Material shown:
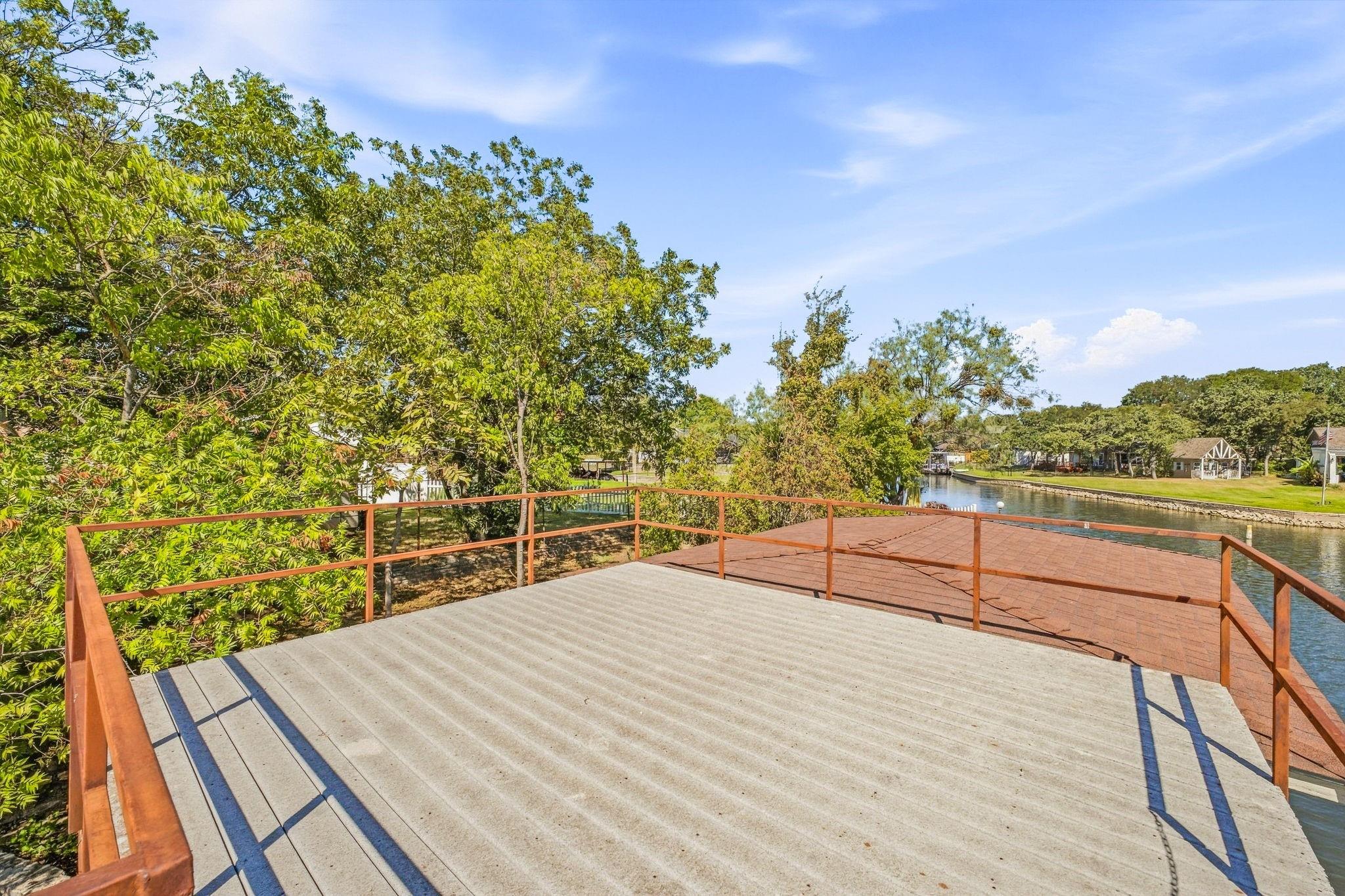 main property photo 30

...

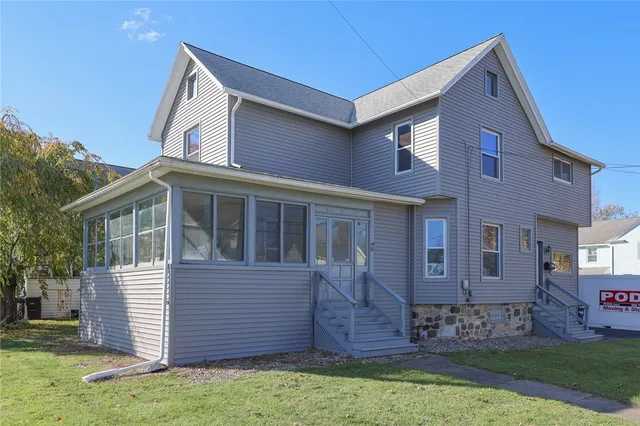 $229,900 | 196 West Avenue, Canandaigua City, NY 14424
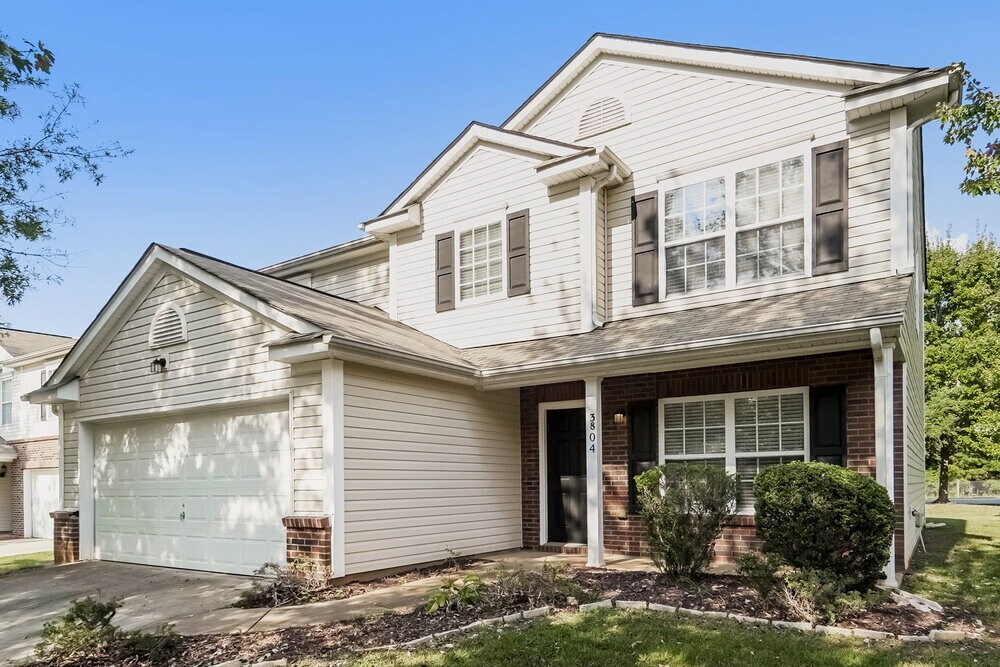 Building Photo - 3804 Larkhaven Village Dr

What you will do:
Exact copy, pictures excluded: from the line with "City, NY 14424" up to and including the line with "Building Photo - 3804 Larkhaven Village Dr" in the data above.

Task solution:
 $229,900 | 196 West Avenue, Canandaigua City, NY 14424
 Building Photo - 3804 Larkhaven Village Dr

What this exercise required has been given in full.